Perhaps most importantly, utilities must create a culture of cyber resilience. Investments in training and professional development can keep staff agile while cross-functional exercises prepare teams for a crisis. The goal of equipping employees to respond to threats is not to instill fear, but instead to instill a healthy respect for cybersecurity as a foundation for business resilience.
A way forward
Today’s heightened threat environment is such that adversaries are constantly probing utility systems and infrastructure for threats like ants finding their way into a pantry. Yet utility is not powerless.
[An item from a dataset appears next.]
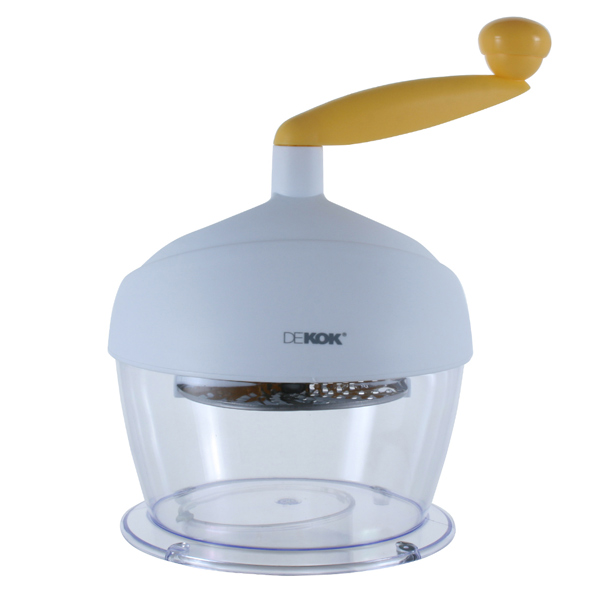 Многофункциональная терка Dekok UKA-1223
By embedding cybersecurity in both culture and strategy and investing in communications that give them greater control over connected assets, utilities can equip their leaders and employees to counter today’s attacks and prepare for tomorrow’s uncertainties.
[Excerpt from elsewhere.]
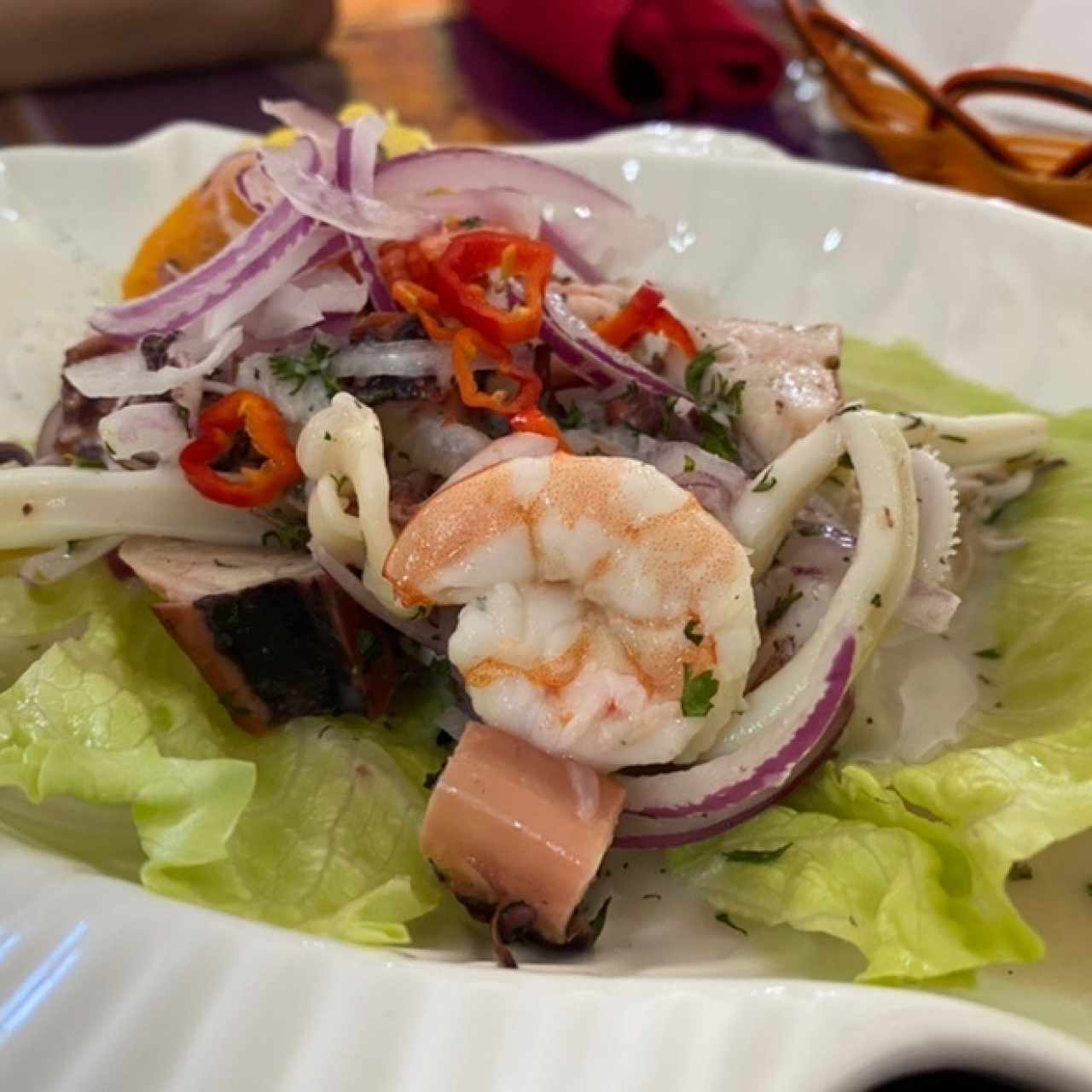 Ceviche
After all, cybersecurity in utilities is about more than protecting infrastructure—it’s about defending communities, economies, and lives.
About the authors
Adam Spratt


Adam Spratt is the manager of cybersecurity at Southern Company and the team lead for the cybersecurity program at Southern Communications. He has spent 15 years in technology security and the last 10 years securing Southern Company’s telecommunications networks. He earned his Certified Information Systems Security Professional Degree as well as a Bachelor of Science degree in Cybersecurity and Information Assurance from Western Governors University.
Victor Atkins


As Director of Critical Infrastructure Security Consulting, Victor Atkins is responsible for delivering cybersecurity solutions and services tailored to 1898 & Company’s infrastructure sectors with executive-level clients. He led and managed cyber intelligence missions for the US Department of Energy’s Office of Intelligence and Countermeasures and directed implementation programs at Department of Energy National Laboratories to discover and characterize sophisticated foreign cyber threats that have the potential to disrupt energy sector operations. Additionally, he served on the Central Intelligence Agency and the White House’s National Security Council, focusing on both nuclear terrorism and nuclear proliferation control. He was named one of nine inaugural non-resident senior fellows within the Atlantic Council’s Indo-Pacific Security Initiative, which works with U.S. allies and partner governments to develop programs and policies to address security challenges in the region while exploring opportunities for mutual cooperation.